Como esse ajuste directo não poderia repetir-se eternamente, porque a lei fixa um limite para os valores acumulados deste tipo de adjudicação, o que ocorria em muitos casos, era o seguinte: quando essa empresa de atoalhados já não poderia mais ser contratada por ajuste directo, o mesmo proprietário cessava a actividade dessa empresa e constituía outra como mesmo propósito, e passava esta a ser contratada por ajuste directo, para continuar o fornecimento dos ditos atoalhados e assim sucessivamente.

Com uma alteração na lei dos contratos públicos em 2021, o legislador veio introduzir uma norma no sentido de evitar que situações deste teor se repetissem.

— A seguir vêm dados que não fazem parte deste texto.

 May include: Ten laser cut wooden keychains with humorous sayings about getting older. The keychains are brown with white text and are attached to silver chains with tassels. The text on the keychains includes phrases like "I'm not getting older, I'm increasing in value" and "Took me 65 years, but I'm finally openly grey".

Desde 2021, não podem ser convidadas em ajustes directos entidades especialmente relacionadas com outras que já estariam impedidas de ser convidadas, não bastando portanto que a entidade seja outra, mas não pode ter como sócios ou gerentes, pessoas ligadas às entidades que já não poderiam ser convidadas. É um avanço em relação à situação anterior, mas se os sócios ou gerentes forem familiares dos impedidos, aí a impossibilidade já não se aplica.

À parte destas situações de falta de transparência ou compadrio, os ajustes directos para determinadas funções ou tarefas específicas são essenciais e legítimos, nomeadamente para lugares de confiança política e até pessoal do titular do cargo e estão aliás previstos na lei. Mas com uma condição: o contrato termina quando o titular do cargo político findar o seu mandato ou sair antecipamente.

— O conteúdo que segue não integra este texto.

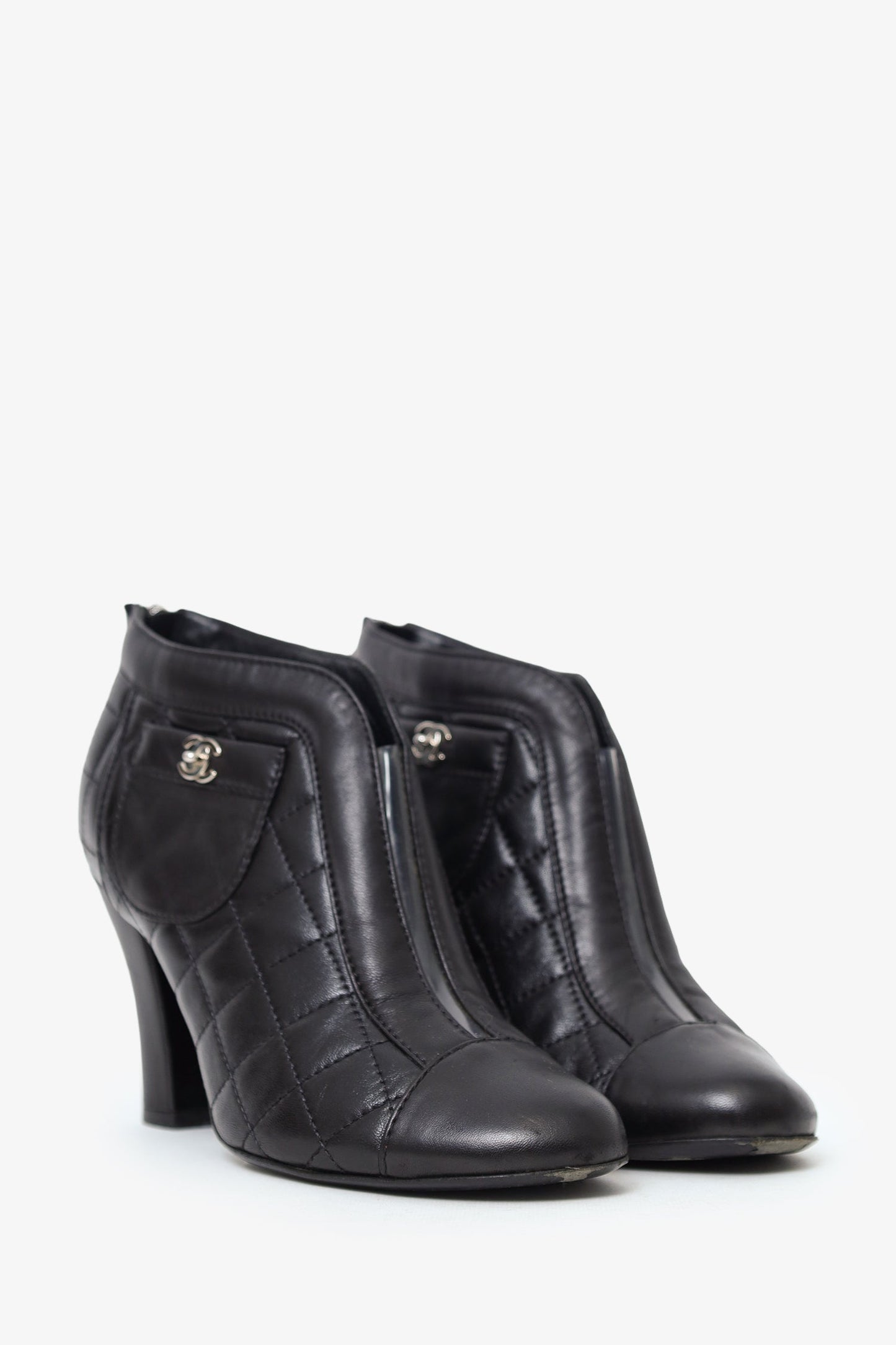 Pre-Loved Chanel™ Black Quilted Lambskin CC Turn Lock Ankle Boots Size 37.5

Seja qual for a situação, a figura jurídica do ajuste directo tem de existir, pois se as entidades públicas já são lentas em tudo, se tivessem de proceder a concurso público – o único em que existe real concorrência – para todos os contratos, então de lento, o país passava a parado.

Mas muito mais importante que todos estes casos de ajustes directos de atoalhados e similares, são as alterações que se vem publicando à lei da contratação pública, para permitir – com alguma sofisticação legislativa – ajustes directos em contratos de grande dimensão em valor e importância estratégica, nomeadamente empreitadas de obras públicas.

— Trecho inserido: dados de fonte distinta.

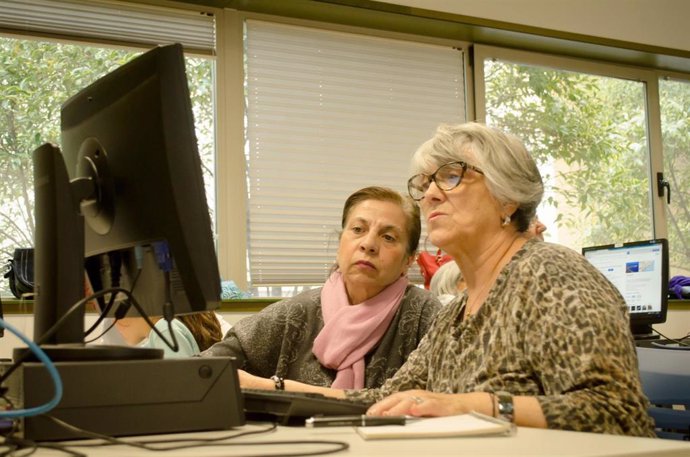 Dos mujeres de la tercera edad mirando la pantalla de un ordenador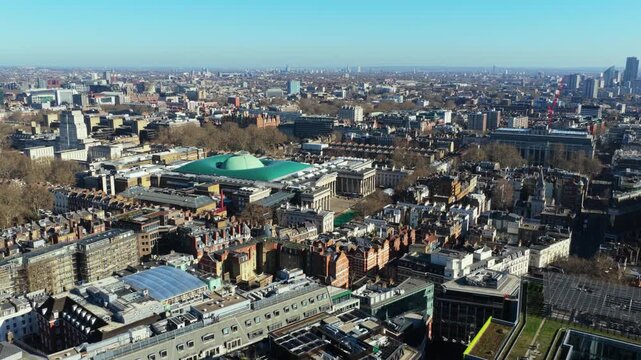 Expansive London cityscape featuring British Museum in Bloomsbury and sprawling urban landscape of Holborn with its mix of modern and victorian architecture under a clear blue sky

Sobre isso, já escreveram aqui no Observador, entre outros, os Profs. Pedro Gonçalves e Valadares Tavares.

Perante a dificuldade de cumprir o PRR nos prazos convencionados com a UE, o governo tem duas opções. A primeira é cumprir os prazos dos procedimentos concorrenciais tal como estão na lei, que nada impediriam de cumprir os objectivos se a parte pública, não fosse tão lenta – por falta de meios, por falta de motivação, ou ambos – no lançamento dos concursos, na elaboração dos projectos, nos relatórios que tem de produzir e nas decisões que lhe cumpre tomar, demorando para tudo uma eternidade, comparada com a celeridade que é exigida aos particulares e que estes conseguem cumprir. A segunda é o poder político assumir que, com a administração pública que possuímos, não somos capazes de executar o PRR cumprindo as regras da concorrência e, portanto, endossar para os particulares por ajustes directos – de modo assumido ou dissimulado – o trabalho que o Estado deveria fazer, mas de que não é capaz.

Tudo leva a crer que a opção é a segunda. Não se justifica por isso tanto drama e alarme social com a proliferação de ajustes directos. O que não tem remédio, remediado está.